El trabajo es un talento que recibe el hombre para hacerlo fructificar, y es testimonio de la dignidad del hombre. Es ocasión de desarrollo de la propia personalidad. Es vínculo de unión con los demás seres, fuente de recursos para sostener a la propia familia; medio para contribuir a la mejora de la sociedad, en la que se vive, y al progreso de toda la humanidad.
Para el cristiano, además, el trabajo bien acabado es ocasión de un encuentro personal con Jesucristo, y medio para que todas las realidades de este mundo estén informadas por el espíritu del Evangelio.
Para que el hombre se haga más hombre con el trabajo, para que sea medio y ocasión de amar a Cristo y de darle a conocer, son necesarias una serie de condiciones humanas: la diligencia en su cumplimiento, la constancia, la puntualidad..., el prestigio y la competencia profesional. Por el contrario, el escaso interés en lo que se realiza, la incompetencia, el ausentismo laboral... son incompatibles con el sentido auténticamente cristiano de la vida.
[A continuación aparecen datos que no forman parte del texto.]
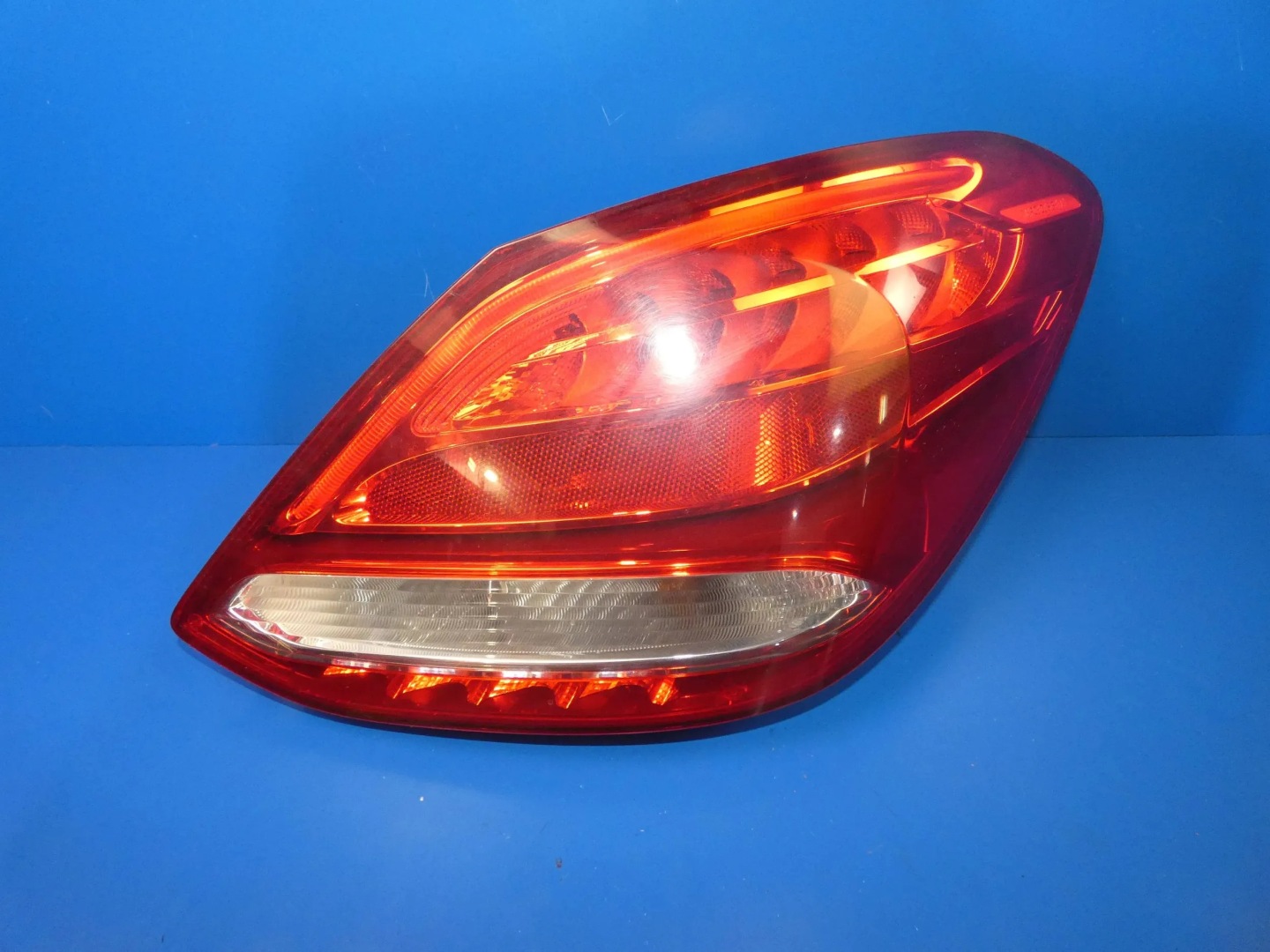 Mercedes-Benz C-Klasse W205 Rückleuchte A2059061257 Rearlamp - Thumbnail 1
El trabajador negligente o desinteresado, en cualquier puesto que ocupe en la sociedad, ofende en primer lugar la propia dignidad de su persona y la de aquellos a quienes se destinan los frutos de esa tarea mal realizada.
Ofende a la sociedad en la que vive, pues de algún modo repercute en ella todo el mal y todo el bien de los individuos. El trabajo mal hecho, el realizado con desidia, con retraso y chapuzas, no solo es una falta o un pecado contra la virtud de la justicia, sino también contra la caridad, por el mal ejemplo y por las consecuencias que de esta actitud se deriva
Nosotros, cristianos en medio del mundo, no podemos olvidar que debemos encontrar a Cristo en nuestros quehaceres, cualesquiera que estos sean. Miremos a Jesús mientras realiza su trabajo en el taller de José y preguntémonos hoy si se nos conoce en nuestro ambiente por el trabajo bien hecho que realizamos.